Create an OTT Streaming App for Mixed Content Formats
Horizontal and vertical video are not the same product. Building a platform that handles both with mixed content formats is an architectural decision, not just a UI preference.
YouTube serves horizontal documentaries and vertical Shorts on the same platform. TikTok started vertical-only and is expanding to horizontal. Instagram handles both in the same feed. The mixed content formats for OTT streaming apps are not a trend. It is the new baseline expectation for any mobile-first streaming platform.
For OTT founders, this is an architecture challenge that most platform teams underestimate. Horizontal and vertical video are not just different aspect ratios. They carry different UX conventions, monetization logic, and technical requirements across the player, storage, and delivery layers. This OTTclouds‘ article maps what your platform needs to support both formats without forcing users to navigate between them.
>>> Maybe you’re interested in:
- Vertical Video Streaming Apps for Content Providers
- White-Label Vertical Short Video App Development with OTTclouds
- [Case Study] Build a White Label Vertical Short Anime Series App “Weeby” for A Japanese Client
Horizontal vs. Vertical: More Than Aspect Ratio
The 16:9 horizontal format was built around the television and desktop experience, lean-back, both-hands-free, scheduled or browsed viewing. The 9:16 vertical format grew from mobile-native behavior, including one-hand, thumb-first, infinite scroll, discovered rather than searched for.
These different origins produce different user expectations at every layer of the experience.
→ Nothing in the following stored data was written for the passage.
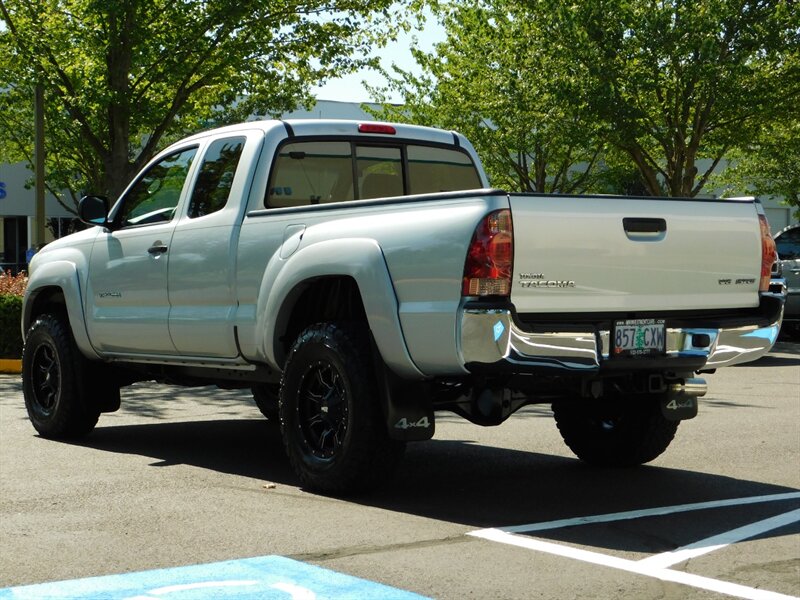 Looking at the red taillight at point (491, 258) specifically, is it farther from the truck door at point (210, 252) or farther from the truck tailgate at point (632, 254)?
the truck door at point (210, 252)

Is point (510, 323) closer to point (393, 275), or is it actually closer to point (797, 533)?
point (393, 275)

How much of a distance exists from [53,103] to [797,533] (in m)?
21.0

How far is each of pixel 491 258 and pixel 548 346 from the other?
54 centimetres

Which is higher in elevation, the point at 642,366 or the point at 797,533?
the point at 642,366

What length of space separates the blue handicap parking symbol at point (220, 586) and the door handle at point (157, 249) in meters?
3.52

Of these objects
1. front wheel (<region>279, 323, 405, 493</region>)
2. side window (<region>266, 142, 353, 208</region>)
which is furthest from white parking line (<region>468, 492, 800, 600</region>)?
side window (<region>266, 142, 353, 208</region>)

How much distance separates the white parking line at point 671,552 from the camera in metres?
5.05

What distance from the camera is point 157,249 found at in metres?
8.55

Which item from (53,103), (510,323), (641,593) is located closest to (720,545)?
(641,593)

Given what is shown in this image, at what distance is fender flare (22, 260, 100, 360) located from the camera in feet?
30.6

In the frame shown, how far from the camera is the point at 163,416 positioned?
11281mm

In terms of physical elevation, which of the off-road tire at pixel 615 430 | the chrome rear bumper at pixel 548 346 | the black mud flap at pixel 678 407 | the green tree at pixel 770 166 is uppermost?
the green tree at pixel 770 166

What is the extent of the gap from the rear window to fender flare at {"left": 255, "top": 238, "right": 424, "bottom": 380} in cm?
83

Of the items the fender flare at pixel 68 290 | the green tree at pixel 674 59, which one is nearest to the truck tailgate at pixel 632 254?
the fender flare at pixel 68 290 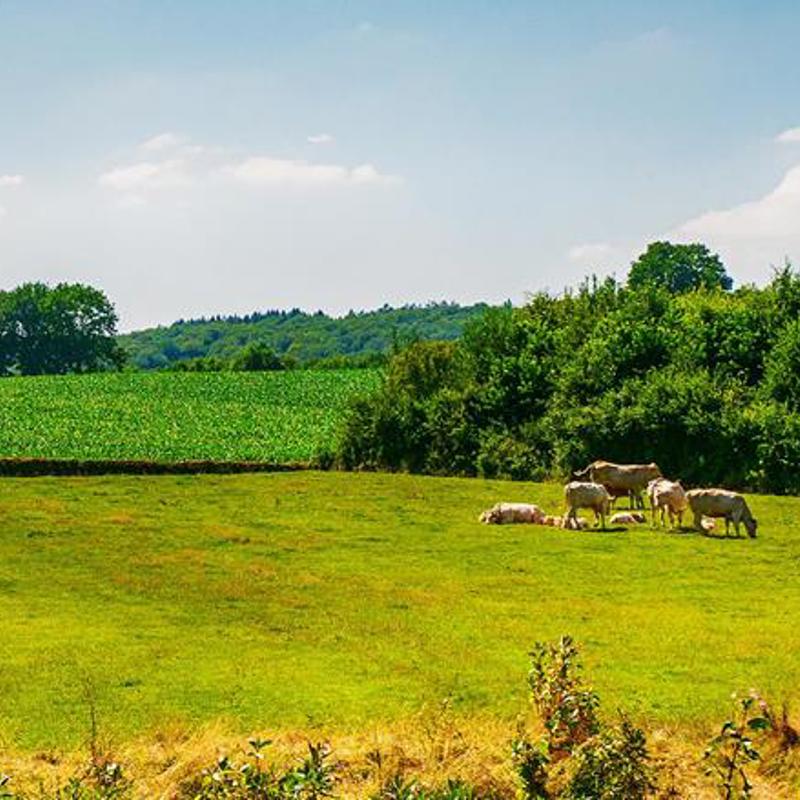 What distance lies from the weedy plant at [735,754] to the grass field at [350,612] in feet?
8.26

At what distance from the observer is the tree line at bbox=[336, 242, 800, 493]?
158 feet

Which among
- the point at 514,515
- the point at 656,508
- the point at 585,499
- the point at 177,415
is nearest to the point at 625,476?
the point at 656,508

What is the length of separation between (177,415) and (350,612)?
58.7 metres

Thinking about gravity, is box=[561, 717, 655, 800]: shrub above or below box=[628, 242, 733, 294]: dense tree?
below

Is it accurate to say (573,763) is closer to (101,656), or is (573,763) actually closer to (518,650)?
(518,650)

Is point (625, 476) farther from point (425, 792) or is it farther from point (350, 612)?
point (425, 792)

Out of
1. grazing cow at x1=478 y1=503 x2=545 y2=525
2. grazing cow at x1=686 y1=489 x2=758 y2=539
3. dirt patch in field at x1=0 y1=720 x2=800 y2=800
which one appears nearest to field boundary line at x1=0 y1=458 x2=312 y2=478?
grazing cow at x1=478 y1=503 x2=545 y2=525

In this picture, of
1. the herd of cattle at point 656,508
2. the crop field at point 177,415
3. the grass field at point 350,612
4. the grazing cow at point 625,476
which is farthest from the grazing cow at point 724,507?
the crop field at point 177,415

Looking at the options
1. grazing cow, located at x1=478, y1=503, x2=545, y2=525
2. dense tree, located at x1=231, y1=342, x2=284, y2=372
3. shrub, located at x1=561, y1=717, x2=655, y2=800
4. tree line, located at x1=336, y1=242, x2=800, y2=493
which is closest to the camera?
shrub, located at x1=561, y1=717, x2=655, y2=800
| Dimension | Horizontal (16:9) | Vertical (9:16) |
| Viewing posture | Landscape, both hands, lean back | Portrait, one hand, thumb-driven |
| Content length | Long-form: 10 min to 2+ hours | Short-form: 15 sec to 5 min |
| Discovery | Browse, search, scheduled viewing | Infinite scroll, algorithm-surfaced |
| Monetization | Mid-roll ads, subscription, PPV | Pre-roll, coin unlock, brand integration |
| Player UI | Persistent controls, progress bar | Minimal chrome, tap-to-pause |
| Sound | Sound-on expected | Sound-off default — captions essential |

The Five Architecture Layers That Must Handle Both Formats
A mixed content format for OTT platform apps is not built by adding a vertical video section to an existing horizontal app. Every core layer of the platform must be designed to handle both formats with equal fidelity. These are the five layers where format-aware decisions are required.
1. The Video Player
The player is the most visible failure point. A player built for horizontal video that renders a vertical clip inside a landscape letterbox, with black bars on both sides, signals immediately that vertical content is a second-class experience on your platform. Users who encounter this leave. They have dozens of apps that handle verticals natively.
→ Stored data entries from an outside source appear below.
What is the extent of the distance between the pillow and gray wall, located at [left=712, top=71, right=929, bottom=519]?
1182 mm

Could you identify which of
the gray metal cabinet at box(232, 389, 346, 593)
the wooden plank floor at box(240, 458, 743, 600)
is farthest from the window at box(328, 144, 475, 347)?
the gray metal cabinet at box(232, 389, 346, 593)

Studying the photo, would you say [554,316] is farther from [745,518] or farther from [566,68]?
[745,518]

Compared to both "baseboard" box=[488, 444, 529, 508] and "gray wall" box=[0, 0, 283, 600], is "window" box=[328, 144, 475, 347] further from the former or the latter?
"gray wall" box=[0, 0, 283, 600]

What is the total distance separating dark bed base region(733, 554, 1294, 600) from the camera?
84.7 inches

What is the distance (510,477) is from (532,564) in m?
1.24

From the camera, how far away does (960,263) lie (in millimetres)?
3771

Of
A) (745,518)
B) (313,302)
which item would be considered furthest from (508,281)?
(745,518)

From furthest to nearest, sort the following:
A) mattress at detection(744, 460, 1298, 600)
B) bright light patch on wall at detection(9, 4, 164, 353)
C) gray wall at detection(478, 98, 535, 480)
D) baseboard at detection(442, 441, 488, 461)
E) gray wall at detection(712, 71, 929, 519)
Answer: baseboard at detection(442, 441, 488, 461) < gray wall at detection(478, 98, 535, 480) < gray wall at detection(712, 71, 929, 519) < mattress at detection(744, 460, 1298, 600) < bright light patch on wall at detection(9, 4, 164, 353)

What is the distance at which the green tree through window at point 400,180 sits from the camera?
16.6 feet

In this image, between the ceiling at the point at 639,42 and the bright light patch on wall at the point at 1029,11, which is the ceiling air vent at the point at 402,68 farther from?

What is required: A format-aware player that detects the content’s native aspect ratio and adapts its rendering mode automatically. The player detects 9:16, switches to a full-portrait rendering with portrait-optimized controls (tap-to-pause, swipe-to-next, minimal chrome). The player detects 16:9, switches to landscape rendering with standard OTT controls (progress bar, quality selector, episode list). The transition must be seamless when a user moves between format types within a session.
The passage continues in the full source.